Defending champs beaten in every wayPosted: Wednesday October 02, 2002 3:05 AM
Updated: Wednesday October 02, 2002 4:50 AM
PHOENIX (AP) -- Arizona manager Bob Brenly was sure the Diamondbacks wouldn't get many runs off Matt Morris, and he was right on that count.
But this never figured in his thinking: Randy Johnson giving up six runs.
The Diamondbacks scored twice off Morris. As for the St. Louis Cardinals, they treated Johnson and the Arizona bullpen like batting practice pitchers on the way to a 12-2 win Tuesday night in the NL division series opener.
"It appears to me that mechanically he was rushing a little bit, and when he does that his velocity usually drops down," Brenly said. "His slider's not quite as sharp as it usually is, and they were a very unforgiving team to him tonight."
Johnson was held out of last week's series when the Cardinals swept the Diamondbacks in St. Louis. So much for strategy.
The usually overpowering left-hander allowed 10 hits, including two-run homers to Jim Edmonds and Scott Rolen, and was lifted after the sixth, trailing 6-2. He gave up five earned runs.

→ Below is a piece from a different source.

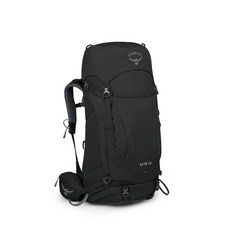 【Osprey】女 Kyte 38 輕量中型登山背包 (2023改款), XS/S,黑色, 黑色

Johnson's first three fastballs were clocked at 91, 93 and 93 mph -- far below his norm.
In the field and on the basepaths, the Diamondbacks looked out of sorts from the start, blowing their only chance to get a lead for Johnson to protect.
That happened in the third inning when Junior Spivey hit a chopper to Rolen at third.
Rolen had to wait for the ball and threw awkwardly off his back foot. Spivey appeared to beat the throw, but umpire Bill Miller called him out. Several replays were shown, each drawing sustained boos from the capacity crowd.
"You saw it," Brenly said. "But when you get beat 12-2, it's hard to complain about the umpiring."
In the first inning, shortstop Tony Womack's throwing error -- his eighth miscue in a 27-game span -- led to St. Louis' first run. Leadoff hitter Fernando Vina was aboard for Jim Edmonds' 424-foot homer, the first sign Johnson would not dominate.
Womack got a break in Arizona's half, reaching first on a soft liner to second that bounced off Vina's glove for an error, taking third on a single by Spivey and scoring on Steve Finley's sacrifice fly.
But the Diamondbacks came out of the inning trailing 2-1 after Spivey tried to score from second on a sharp single to left by Matt Williams.
Albert Pujols threw a one-hopper to Mike Matheny at home plate, nailing Spivey by several feet. Quinton McCracken then flied out to end the rally.
"I froze on the line drive, wasn't able to get a good jump and they made a good play at the play," Spivey said.
Left fielder David Dellucci said the Diamondbacks lived by aggressive baserunning all season and had to stay in character.
"You can't second-guess anything," Dellucci said. "It took a perfect throw to get him out, and it was a perfect throw. So what can you say? It was a night where those guys came out on fire and hit the ball all over the ballpark.
"Those kind are easier to take than losing one 3-2 and trying to figure out what went wrong."
After that, Morris -- who lost Game 1 of the division series last year with Arizona's Curt Schilling pitching -- shut the door. He allowed just two singles in the next four innings while his teammates broke the game open.
"He kept the ball down," Spivey said. "It's tough to get any elevation when you do that."